New Bookstore! Save 20% on books with discount code: LAUNCH
Web Dev + WordPress + Security

Eliminate 404 Errors for PHP Functions

Recently, I discussed the suspicious behavior recently observed by the Yahoo! Slurp crawler. As revealed by the site’s closely watched 404-error logs, Yahoo! had been requesting a series of nonexistent resources. Although a majority of the 404 errors were exclusive to the Slurp crawler, there were several instances of requests that were also coming from Google, Live, and even Ask. Initially, these distinct errors were misdiagnosed as existing URLs appended with various JavaScript functions. Here are a few typical examples of these frequently observed log entries:

https://perishablepress.com/press/category/websites/feed/function.opendir
https://perishablepress.com/press/category/websites/feed/function.array-rand
https://perishablepress.com/press/category/websites/feed/function.mkdir
https://perishablepress.com/press/category/websites/feed/ref.outcontrol

Fortunately, an insightful reader named Bas pointed out that the errors were actually PHP functions. Bas explains:

The two functions (array_rand and opendir) you define as javascript functions are PHP functions. Some servers generate clickable links to the php manual (which uses function.NAMEOFFUNCTION in their URL’s) in php scripting error messages.

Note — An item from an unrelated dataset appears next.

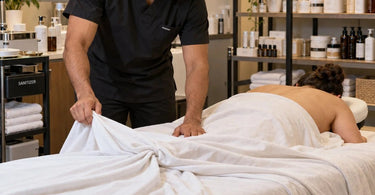 Professional massage table sheets and spa linens illustrating why bedding twists and bunches during long massage therapy sessions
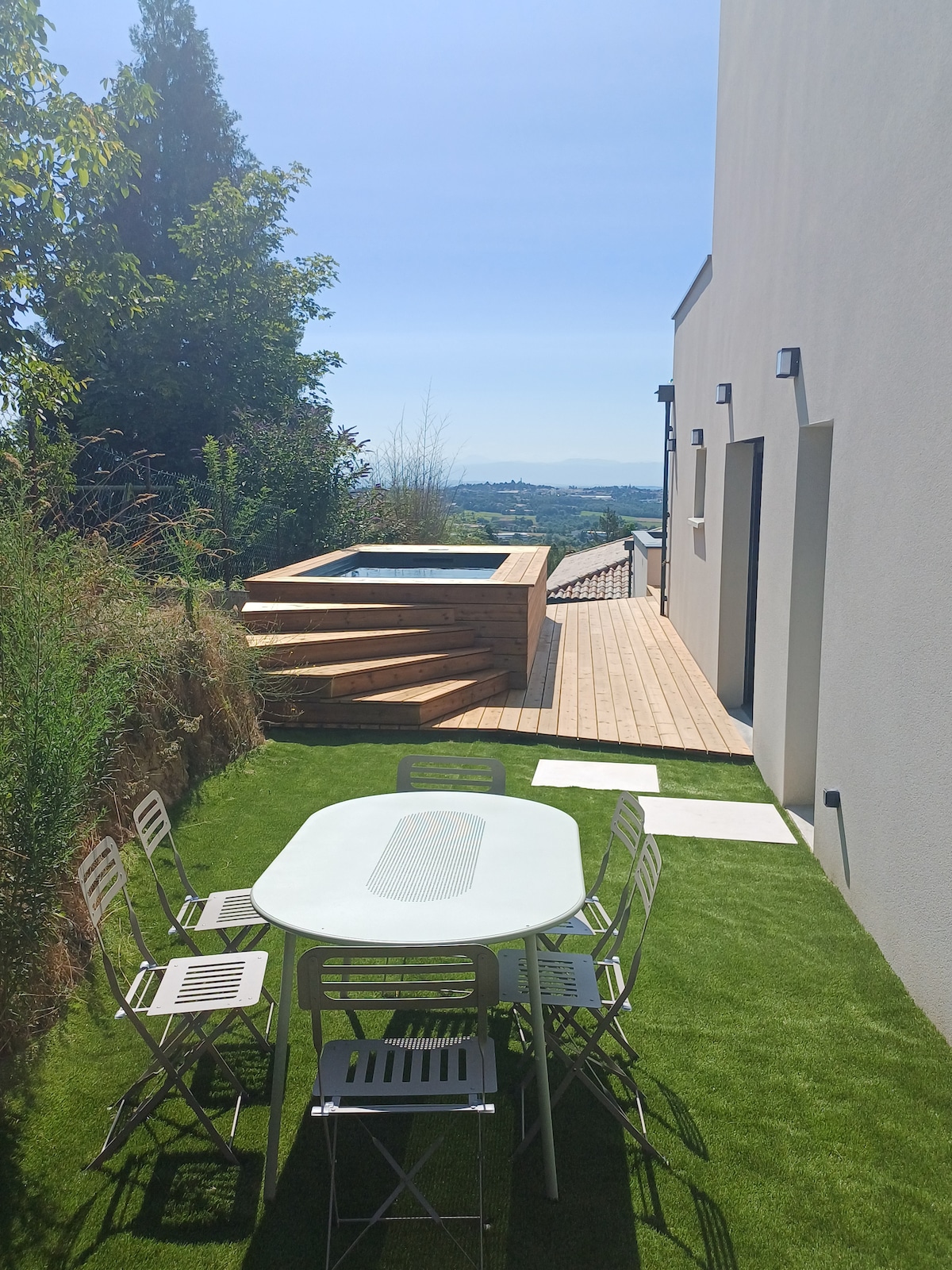 An outdoor area showcases a wooden deck adjacent to a private pool surrounded by greenery. A table with metal chairs is positioned on a well-maintained lawn, offering a serene space for relaxation and dining. The distant landscape provides a scenic backdrop.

Maybe that’s also the cause of these problems.

Using this information to investigate the issue, I learned that PHP contains a function called html_errors that “produces hypertext links that direct the user to a page describing the error or function in causing the error.”1 Together with docref_ext and docref_root, the html_errors function controls the presence and formatting of PHP’s docref error messages.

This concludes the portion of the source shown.